Assim é a privatização brasileira: o governo financia a compra no leilão, vende “moedas podres” a longo prazo e ainda financia os investimentos que os “compradores” precisam fazer – até a Light recebeu um empréstimo de 730 milhões de reais no ano passado. E, para aumentar os lucros dos futuros “compradores”, o governo “engole” dívidas bilionárias, demite funcionários, investe maciçamente e até aumenta tarifas e preços antes da privatização.
Aproveite você também, conheça os detalhes neste livro.
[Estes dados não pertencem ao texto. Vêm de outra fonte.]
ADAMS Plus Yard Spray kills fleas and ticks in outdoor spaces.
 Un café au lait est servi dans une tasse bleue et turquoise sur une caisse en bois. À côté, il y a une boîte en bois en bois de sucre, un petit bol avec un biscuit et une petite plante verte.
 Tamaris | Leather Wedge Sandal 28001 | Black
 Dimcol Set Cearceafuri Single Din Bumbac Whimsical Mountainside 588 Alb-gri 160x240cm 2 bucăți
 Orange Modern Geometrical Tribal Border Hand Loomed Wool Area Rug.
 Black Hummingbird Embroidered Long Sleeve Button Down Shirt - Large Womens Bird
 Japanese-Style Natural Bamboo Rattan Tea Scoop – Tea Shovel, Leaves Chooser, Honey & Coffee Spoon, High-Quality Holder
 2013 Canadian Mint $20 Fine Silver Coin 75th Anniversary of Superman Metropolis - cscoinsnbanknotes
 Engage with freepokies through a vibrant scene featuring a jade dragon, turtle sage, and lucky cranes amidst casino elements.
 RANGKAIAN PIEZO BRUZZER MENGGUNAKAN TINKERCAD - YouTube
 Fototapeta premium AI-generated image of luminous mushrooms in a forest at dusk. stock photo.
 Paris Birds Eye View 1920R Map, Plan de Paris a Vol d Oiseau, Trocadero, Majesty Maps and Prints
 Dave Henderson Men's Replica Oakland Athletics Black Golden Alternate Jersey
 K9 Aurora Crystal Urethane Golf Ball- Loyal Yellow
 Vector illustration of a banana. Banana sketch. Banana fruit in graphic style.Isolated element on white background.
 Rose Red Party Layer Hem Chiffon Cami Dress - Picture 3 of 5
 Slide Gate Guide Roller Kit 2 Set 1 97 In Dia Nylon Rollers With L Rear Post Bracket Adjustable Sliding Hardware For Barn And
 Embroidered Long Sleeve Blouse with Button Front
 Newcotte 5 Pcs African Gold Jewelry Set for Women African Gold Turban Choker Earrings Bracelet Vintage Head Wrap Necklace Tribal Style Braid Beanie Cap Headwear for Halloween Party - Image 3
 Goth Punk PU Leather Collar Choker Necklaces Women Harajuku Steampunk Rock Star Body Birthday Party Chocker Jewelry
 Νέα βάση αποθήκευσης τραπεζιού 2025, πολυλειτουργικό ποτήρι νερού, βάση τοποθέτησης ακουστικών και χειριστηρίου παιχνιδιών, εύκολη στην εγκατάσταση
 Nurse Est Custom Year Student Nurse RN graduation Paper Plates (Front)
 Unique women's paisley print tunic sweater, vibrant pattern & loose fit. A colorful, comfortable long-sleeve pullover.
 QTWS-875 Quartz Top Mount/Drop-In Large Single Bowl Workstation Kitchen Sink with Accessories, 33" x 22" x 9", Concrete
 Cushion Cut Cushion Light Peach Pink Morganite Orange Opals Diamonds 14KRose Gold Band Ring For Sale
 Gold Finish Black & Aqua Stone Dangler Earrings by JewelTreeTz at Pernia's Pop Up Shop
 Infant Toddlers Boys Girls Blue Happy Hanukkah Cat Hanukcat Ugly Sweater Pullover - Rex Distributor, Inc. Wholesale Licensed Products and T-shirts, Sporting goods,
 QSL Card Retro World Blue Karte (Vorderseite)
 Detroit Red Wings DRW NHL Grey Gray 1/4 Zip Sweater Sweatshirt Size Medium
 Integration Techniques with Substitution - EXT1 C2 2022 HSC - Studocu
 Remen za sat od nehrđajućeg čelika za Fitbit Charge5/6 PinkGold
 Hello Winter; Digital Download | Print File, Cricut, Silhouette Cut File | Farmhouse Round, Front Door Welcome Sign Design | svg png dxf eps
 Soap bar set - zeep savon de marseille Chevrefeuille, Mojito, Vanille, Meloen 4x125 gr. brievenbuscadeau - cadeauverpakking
E veja nas páginas 65 a 68, um balanço das contas que o governo está escondendo.
Promessas e fatos
Irritada, tentando há 15 minutos utilizar um orelhão, Maria coloca o telefone no gancho e desabafa:
– Esse demônio só liga em número errado... É o terceiro orelhão com defeito em que estou tentando, e preciso falar urgente com meu filho, que vai sair para a escola...
– É, tá um inferno mesmo – retruca o Zé, no orelhão ao lado. – E olhe que já estou sendo forçado a vir fazer ligações no orelhão porque o telefone lá de casa está mudo há duas semanas... E disseram que tudo ia melhorar com a tal privatização... “Telefone instalado, já, já, até em São José da Tapera”. Lembra do anúncio na televisão? Este país...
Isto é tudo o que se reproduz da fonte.